((

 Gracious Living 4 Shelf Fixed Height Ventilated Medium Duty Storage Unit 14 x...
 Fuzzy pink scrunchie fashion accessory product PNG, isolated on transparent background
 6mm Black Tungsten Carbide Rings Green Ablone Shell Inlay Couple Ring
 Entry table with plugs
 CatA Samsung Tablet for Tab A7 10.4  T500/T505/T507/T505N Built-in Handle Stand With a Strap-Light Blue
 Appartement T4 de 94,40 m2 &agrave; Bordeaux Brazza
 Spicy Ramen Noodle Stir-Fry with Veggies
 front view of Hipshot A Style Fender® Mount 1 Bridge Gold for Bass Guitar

))
((

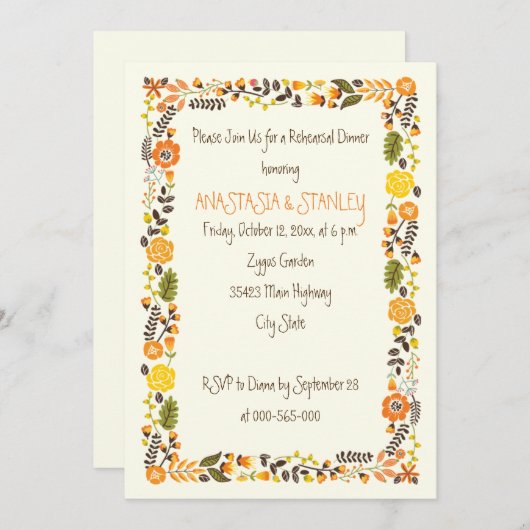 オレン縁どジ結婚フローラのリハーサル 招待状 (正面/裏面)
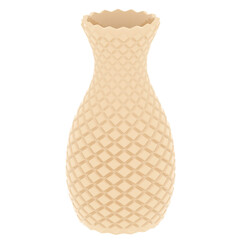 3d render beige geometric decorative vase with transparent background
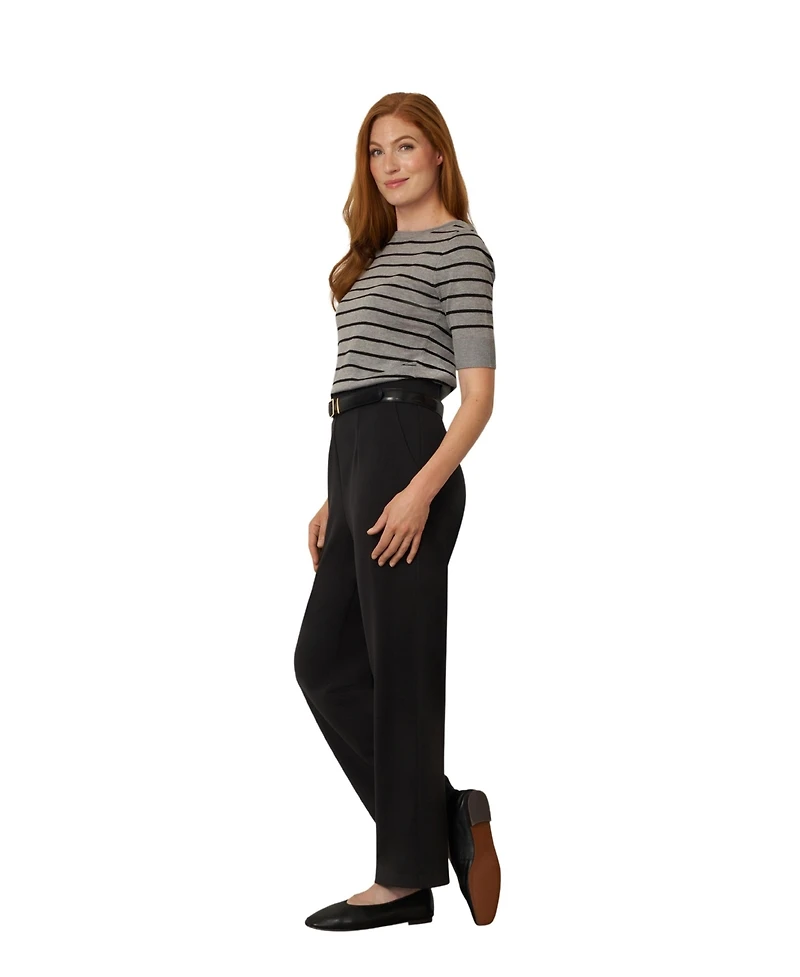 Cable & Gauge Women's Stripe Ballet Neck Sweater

))

#### [What to do]
Restate word for word the lines in the material above from the one with "Spicy Ramen Noodle Stir-Fry with Veggies" to the one with "front view of"; both of those lines count, and nothing else does.

#### [Task result]
 Spicy Ramen Noodle Stir-Fry with Veggies
 front view of Hipshot A Style Fender® Mount 1 Bridge Gold for Bass Guitar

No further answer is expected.